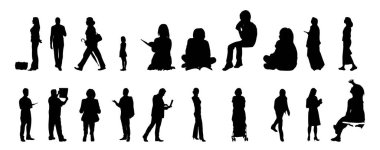 Vektör siluetleri, insanların ana hatları, Contour çizimleri, insanların siluetleri, ikon kümesi izole edilmiş, oturan insanların silueti, mimari set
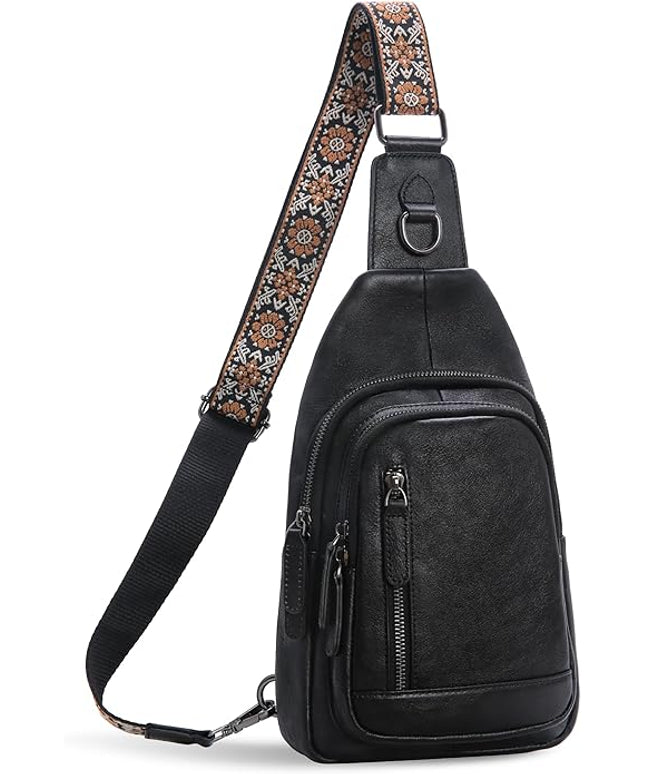 HESHE Leather Sling Bag for Women Crossbody Bags with Multi-Pocket Stylish Fanny Packs for Travel Chest Bag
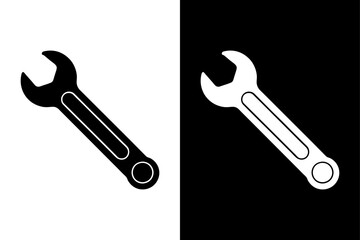 Black and White Wrench Icon Minimalist Silhouette Vector for Hardware & Engineering.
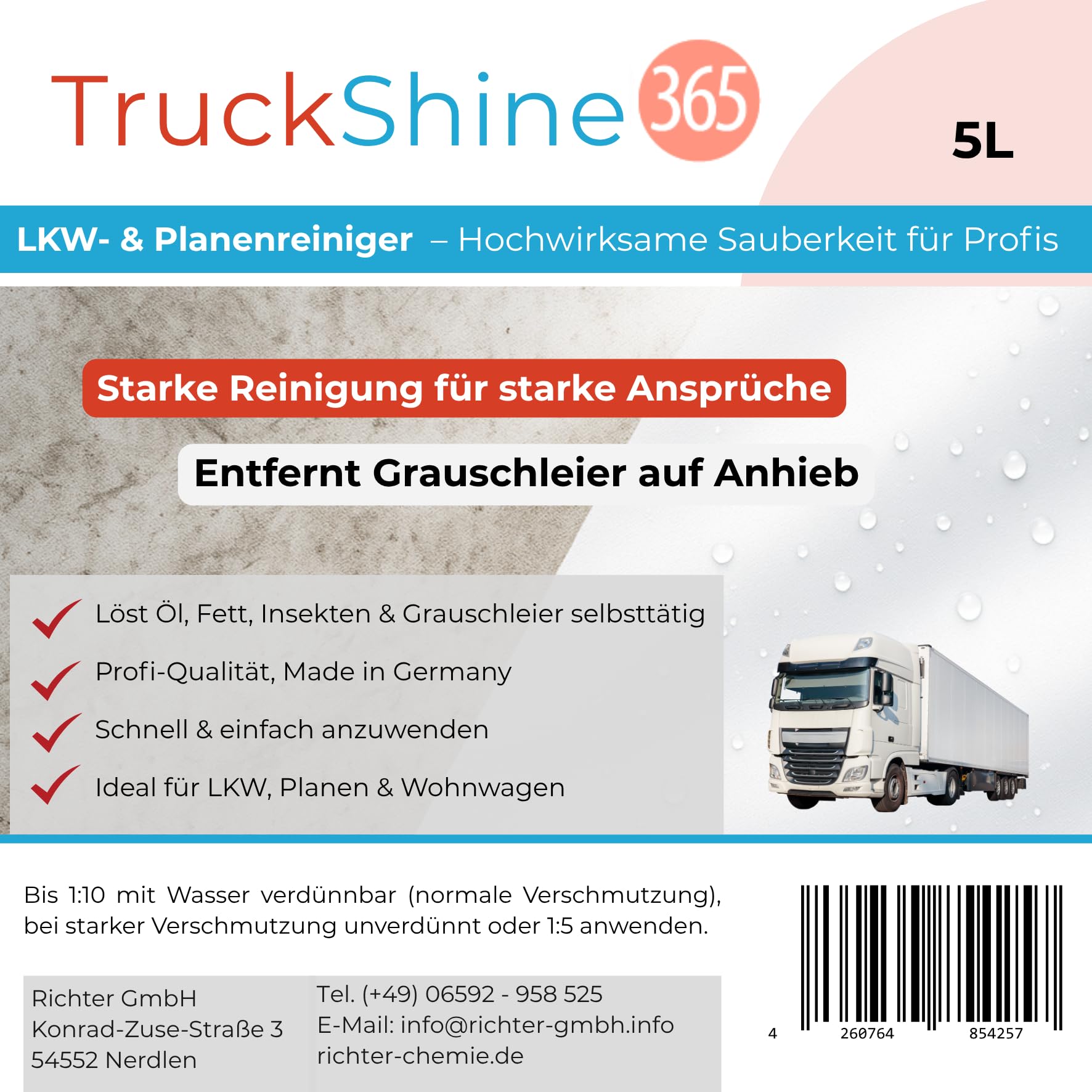 TruckShine365 LKW Reiniger & Planenreiniger Konzentrat, 5L Kanister | Alkalischer LKW Außenreiniger, Gegen Grauschleier, Öl, Fett & Insekten, Verdünnbar bis 1:10, Profi-Qualität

________

Work to complete =>
Restate the data exactly, though only from the line that contains "Black and White" through its last line, both ends included and with the pictures left out.

Solution to this task =>
 Black and White Wrench Icon Minimalist Silhouette Vector for Hardware & Engineering.
 TruckShine365 LKW Reiniger & Planenreiniger Konzentrat, 5L Kanister | Alkalischer LKW Außenreiniger, Gegen Grauschleier, Öl, Fett & Insekten, Verdünnbar bis 1:10, Profi-Qualität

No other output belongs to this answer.